The rate of penetration and the number of customers connected to a circuit will affect the time at which reinforcement or other mitigation may be required and additional monitoring applied to each LV circuit may need to be considered to identify when the thermal capacity of the individual networks is being compromised.
Uncontrolled usage
In a completely uncontrolled scenario, the charging patterns for EVs might be expected to be similar in that customers will most likely connect their car to the charger when they return home at the end of the day. However charging would not necessarily take place every day as typical usage patterns would take several days before the battery was close to fully discharged. In this way some natural diversity is achieved between individual users and a diverse value can be used to assess the likely demand placed on the network.

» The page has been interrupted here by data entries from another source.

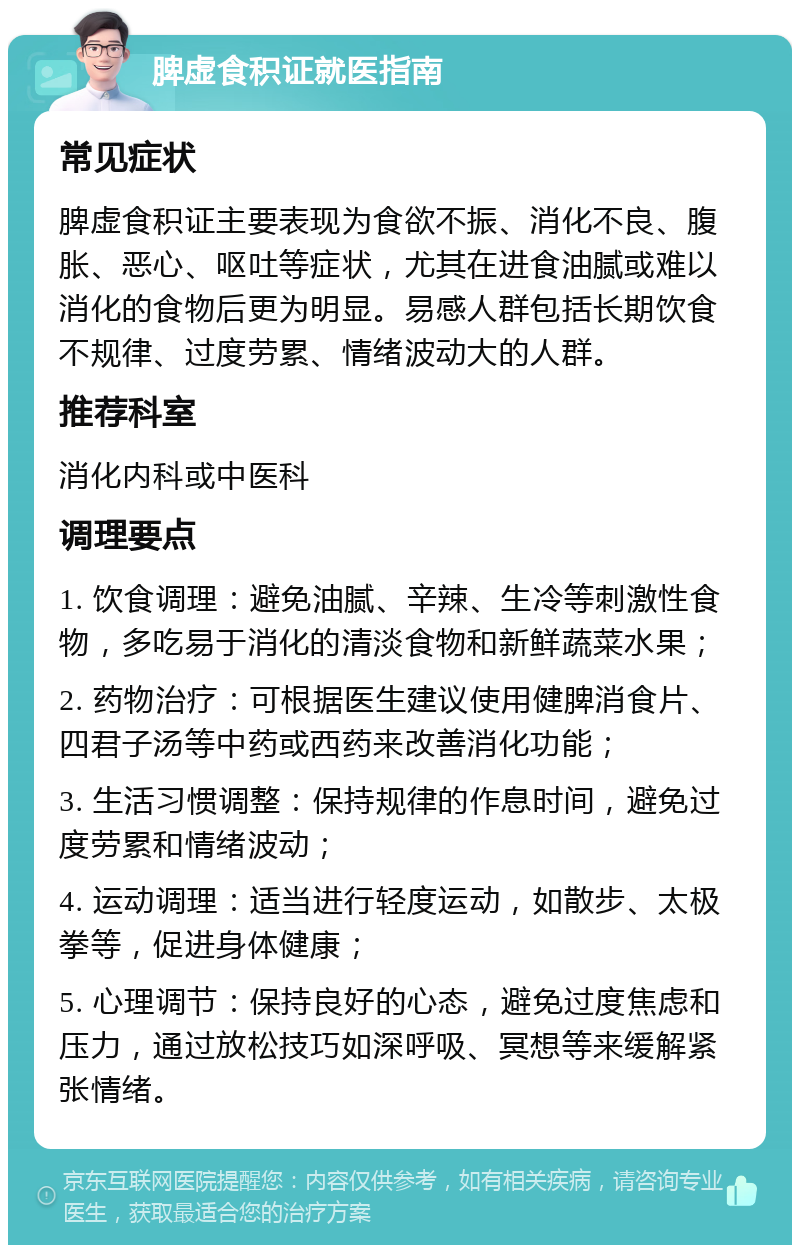 脾虚食积证就医指南 常见症状 脾虚食积证主要表现为食欲不振、消化不良、腹胀、恶心、呕吐等症状，尤其在进食油腻或难以消化的食物后更为明显。易感人群包括长期饮食不规律、过度劳累、情绪波动大的人群。 推荐科室 消化内科或中医科 调理要点 1. 饮食调理：避免油腻、辛辣、生冷等刺激性食物，多吃易于消化的清淡食物和新鲜蔬菜水果； 2. 药物治疗：可根据医生建议使用健脾消食片、四君子汤等中药或西药来改善消化功能； 3. 生活习惯调整：保持规律的作息时间，避免过度劳累和情绪波动； 4. 运动调理：适当进行轻度运动，如散步、太极拳等，促进身体健康； 5. 心理调节：保持良好的心态，避免过度焦虑和压力，通过放松技巧如深呼吸、冥想等来缓解紧张情绪。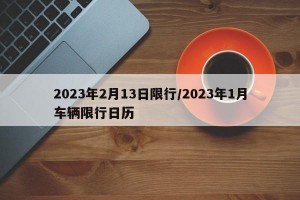 2023年2月13日限行/2023年1月车辆限行日历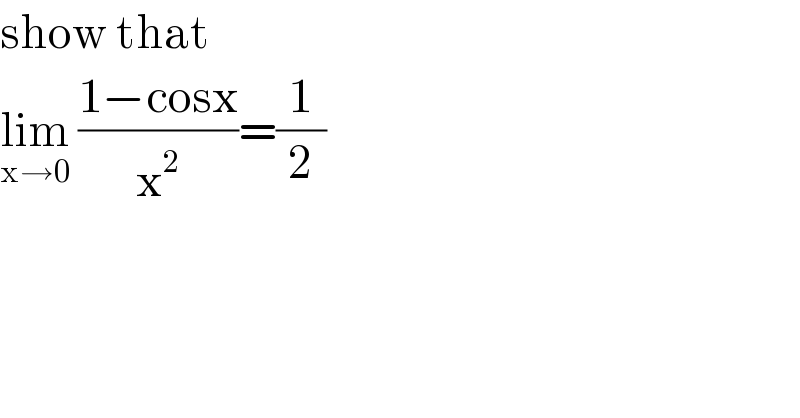 show that  lim_(x→0)  ((1−cosx)/x^2 )=(1/2)    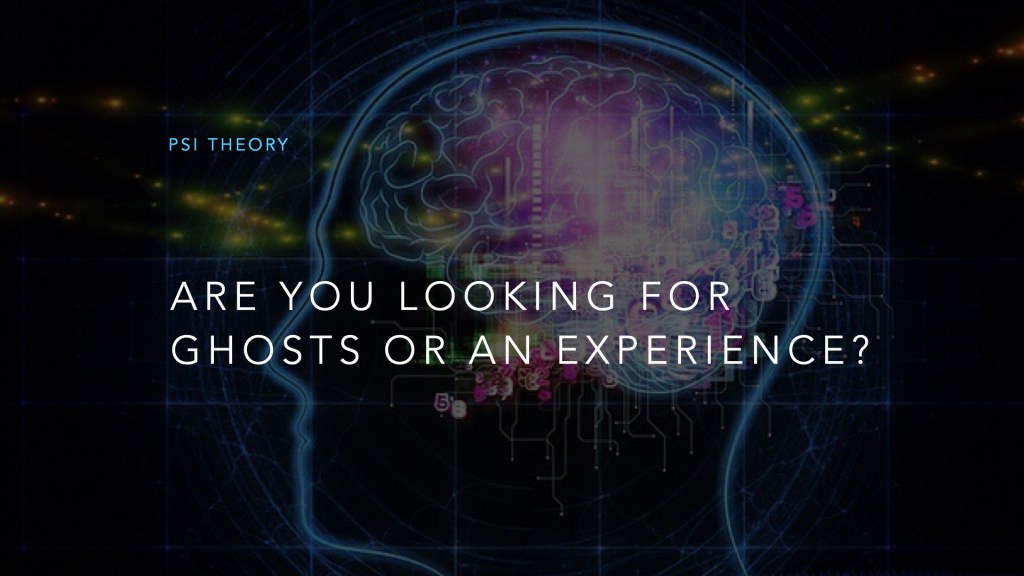 Are You Looking For Ghosts or an Experience?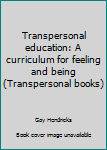 Hardcover Transpersonal education: A curriculum for feeling and being (Transpersonal books) Book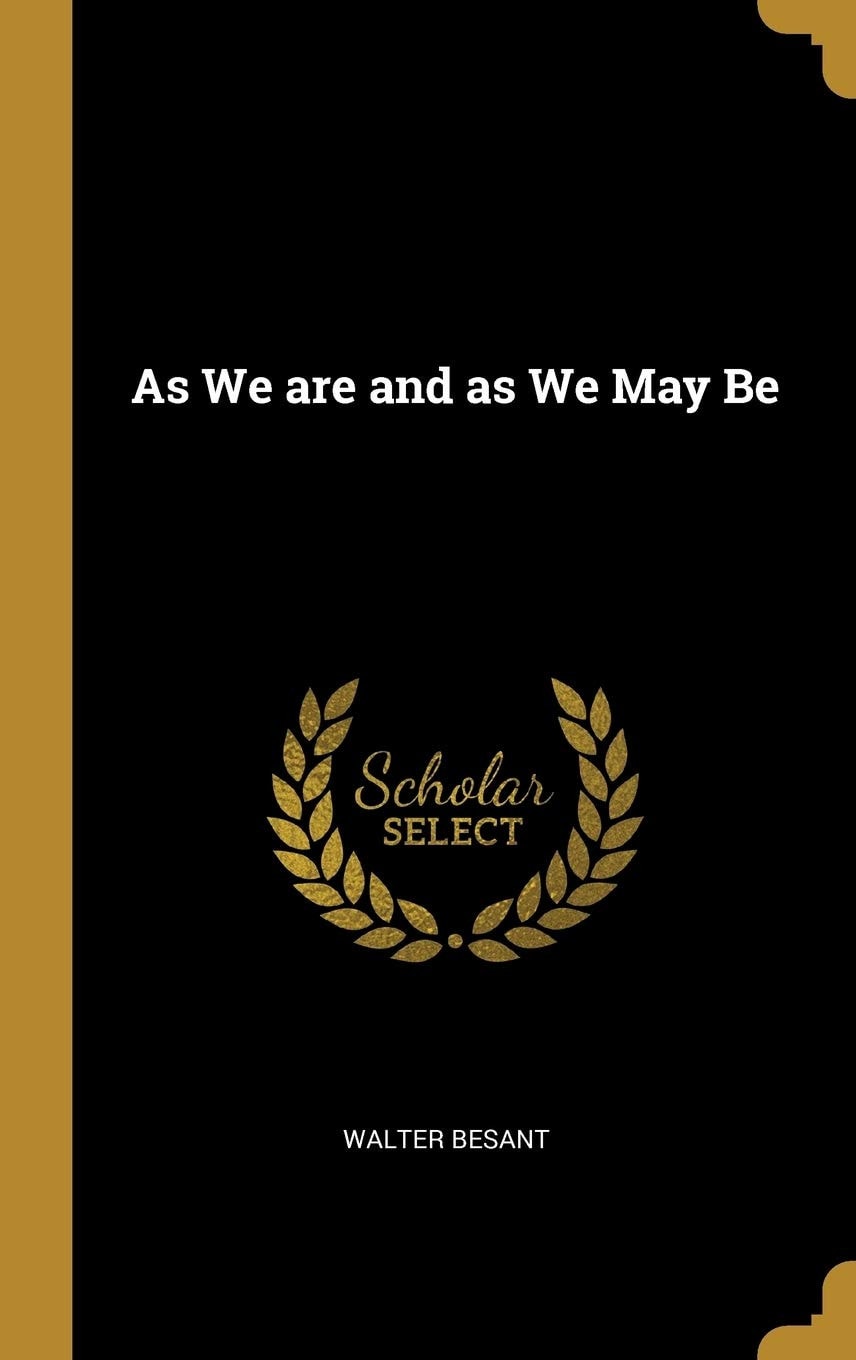 As We Are and As We May Be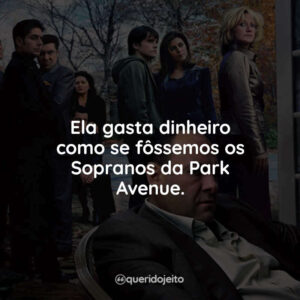 Ela gasta dinheiro como se fôssemos os Sopranos da Park Avenue.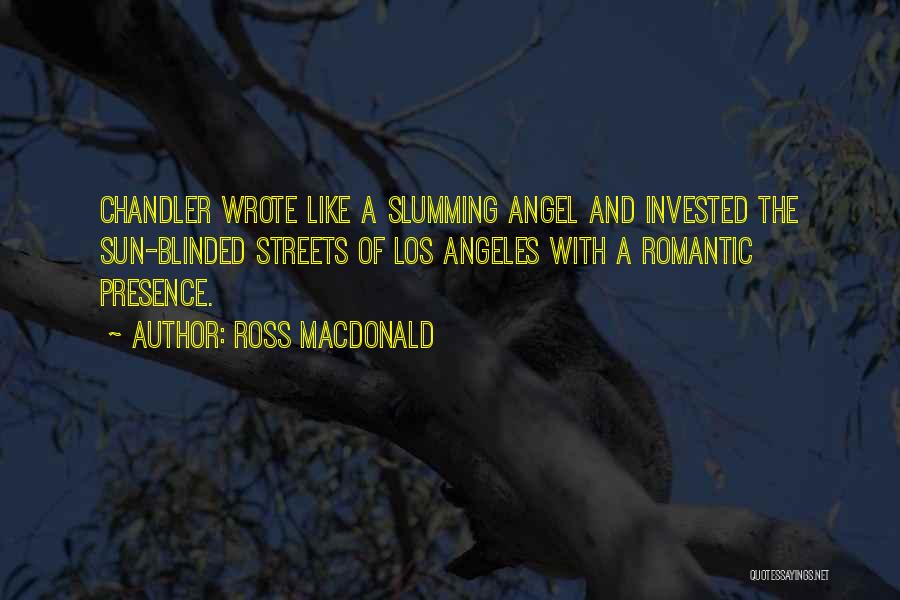 Blinded By The Sun Quotes By Ross Macdonald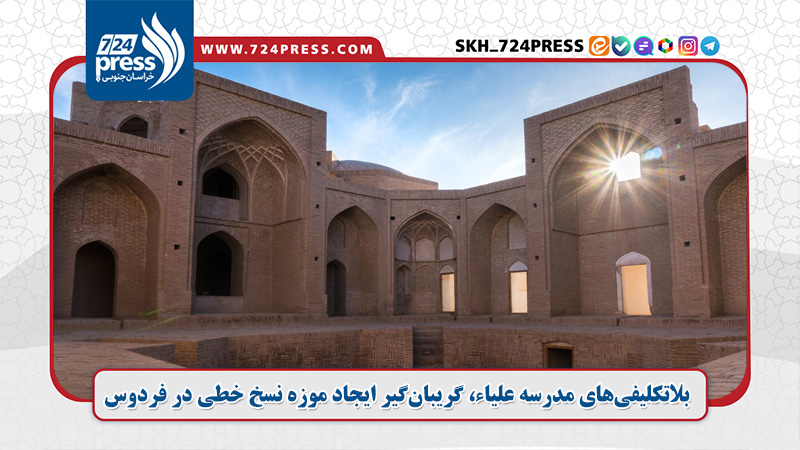 بلاتکلیفی‌های مدرسه علیاء، گریبان‌گیر ایجاد موزه نسخ خطی در فردوس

However, even allowing for diversity it must be expected that network demand will significantly increase, average miles per year of 10,000 and around 3.5 mile per kWh would suggest that for a single EV a household demand would increase by around 2800 kWh almost doubling, similarly heat pump demand with a coefficient of performance of 4 would add another 2500kWh for the typical property.
Effect of Tariffs
A number of suppliers are offering tariffs which incentivise use at particular times of the day when demand might otherwise be expected to be lower than the available supply. The effects of these tariffs must inevitably reduce the level of diversity that would otherwise be expected across the customers. Tariffs which encourage the use of load types which typically have a higher magnitude and a longer expected duration than other types of loads in the domestic environment will reduce the level of diversity that can be applied to them during such periods and would be expected to lead to higher levels of maximum demand. This needs further investigation to ensure our modelling of future loads is reaslistic. This may require the introduction of different diversity factors at different times of day.
Existing Policy
Based on the outcomes of previous projects NGED have already put in place a design policy for all new domestic networks that the customers supply loop impedance will not exceed 0.144Ω for entirely underground circuits and 0.245Ω for circuit including overhead conductors. These values which are lower than the typical maximum previously assumed across the industry will ameliorate the feeder voltage rise conditions anticipated when PV output is at its highest with little local load to utilise the exported energy as well as reducing the voltage drop effects under maximum load conditions which may be expected when the penetration of EV charging, and Heat Pumps increases. Having a limit on the impedance for the customer connection will also necessarily further limit the impact of harmonics on the network as it must result in either a reduction in circuit length and therefore the number of customers that can be served along the route or an increase in the size of the of the main circuit conductors.
Given the potential advantages offered and the expectation that thermal capacity will likely be the limiting factor in the future with increased deployment of LCTs the continued use of this policy appears to be reasonable.